Mixed martial arts events

The year 2022 is the 29th year in the history of the K-1, a Japanese kickboxing promotion. The year started with K-1 World GP 2022 Japan.

==List of events==

| # | Event title | Date | Arena | Location |
|---|---|---|---|---|
| 1 | K-1 World GP 2022 Japan | February 27, 2022 | Tokyo Metropolitan Gymnasium | JPN Tokyo, Japan |
| 2 | K-1: K'Festa 5 | April 3, 2022 | Yoyogi National Gymnasium | JPN Tokyo, Japan |
| 3 | THE MATCH 2022 | June 19, 2022 | Tokyo Dome | JPN Tokyo, Japan |
| 4 | K-1: Ring of Venus | June 25, 2022 | Yoyogi National Gymnasium | JPN Tokyo, Japan |
| 5 | K-1 World GP 2022 in Fukuoka | August 11, 2022 | Fukuoka Convention Center | JPN Fukuoka, Japan |
| 6 | K-1 World GP 2022 Yokohamatsuri | September 11, 2022 | Yokohama Arena | JPN Yokohama, Japan |
| 7 | K-1 World GP 2022 in Osaka | December 3, 2022 | Edion Arena Osaka | JPN Osaka, Japan |

==K-1 World GP 2022 Japan==

K-1 World GP 2022 Japan was a kickboxing event held by K-1, which will be held on February 27, 2022, at the Tokyo Metropolitan Gymnasium in Tokyo, Japan.

===Background===
A K-1 Women's Flyweight Championship bout between reigning champion Kana Morimoto and title challenger Kotomi was expected to take place at the event. Kotomi later withdrew, and was replaced by Ran, who faced Morimoto in a non-title bout.

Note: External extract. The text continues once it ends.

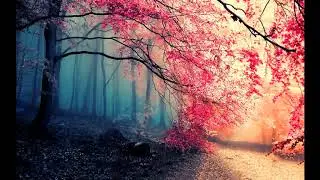 September - Cry For You Marc (Zmile Remix)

K-1 Lightweight Champion Taio Asahisa was scheduled to face Yuki Yoza in a non-title bout.

A Super Bantamweight World Grand Prix is expected to take place during the event. The tournament was organized to fill the vacant K-1 Super Bantamweight title.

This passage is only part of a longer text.